5. Spin down the suspended of cells at 8.0g for 15 min.

6. Repeat steps 2 and 3.

7. Completely remove PBS from the cell pellet.

8. Incubate cells at 95o C for 10 min.

9. Store cells at -20o C for 10 min.

10. Completely resuspend dry cell pellet in 100 μL of water by pipetting. Then vortex for 30s and spin down.

11. Make an initial dilution by transferring 10 μL of resuspended cell to 40 μL of water. Pipet carefully vortex for 30s and spin down.

12. Make a second dilution by transferring 10 μL of to 90 μL of water. Pipet carefully vortex for 30s and spin down.

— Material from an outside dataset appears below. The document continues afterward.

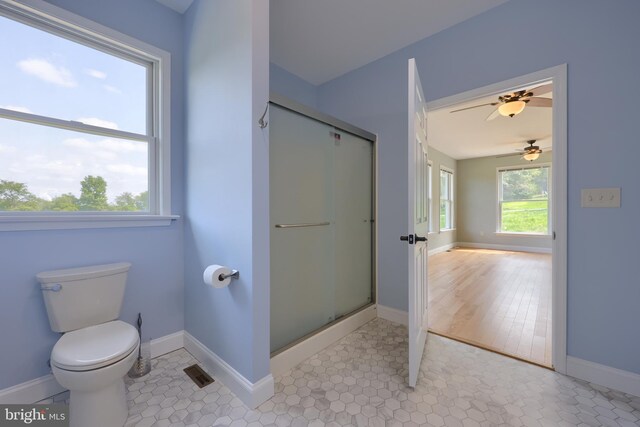 bathroom featuring hardwood / wood-style floors, ceiling fan, toilet, and plenty of natural light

13. For X reactions, make two different mixes using chromosome gene and plasmid gene primers:

X*6 μL of water

X*1 μL Forward primer 20uM

X*1 μL Reverse primer 20uM

X*10 μL of SYBR Green

14. First, transfer 18 μL of mix with chromosome primers to first X tubes, then transfer 18 μL of plasmid primers mix to other X tubes (X*2 tubes)

15. Add 2 μL of each diluted sample to the tubes.

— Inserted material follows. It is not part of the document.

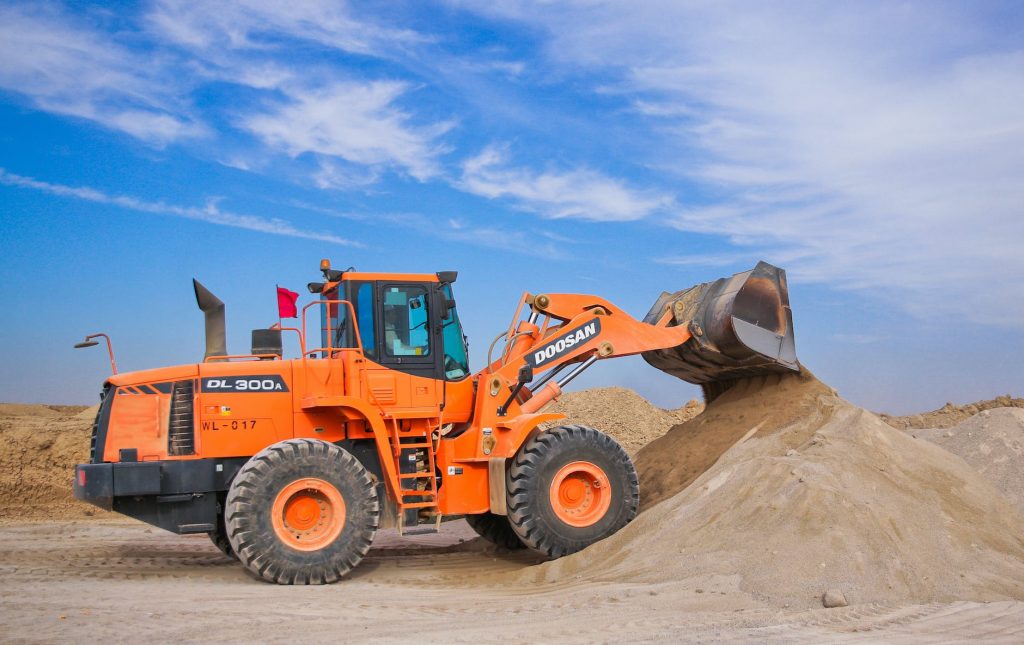 orange excavator on brown hill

16. Gently close the caps.

17. Run the reaction.

For steps 13-15, increase the volumes by a factor of desired technical replicate numbers.




Step	Time	Temperature
PCR initial activation step	5 min	95° C
Two-step cycling
Denaturation	10 s	95° C
Combined annealing/extension	30 s	60° C
Repeat two-step cycling for 35-40 cycles




Data Analysis




1. By using the equation from standard curve that relates plasmid Ct value to real plasmid number calculate the plasmid number in the sample.

2. By using the equation that relates chromosome Ct to real chromosome number calculate the number of chromosomes in the sample.

3. Chromosome number = cell number. Therefore, by dividing the obtained plasmid number by chromosome number we can find the plasmid per cell number.

[1] Q. Tu, J. Yin, J. Fu, J. Herrmann, Y. Li, Y. Yin, A. F. Stewart, R. Müller and Y. Zhang, 2016, 6, 24648.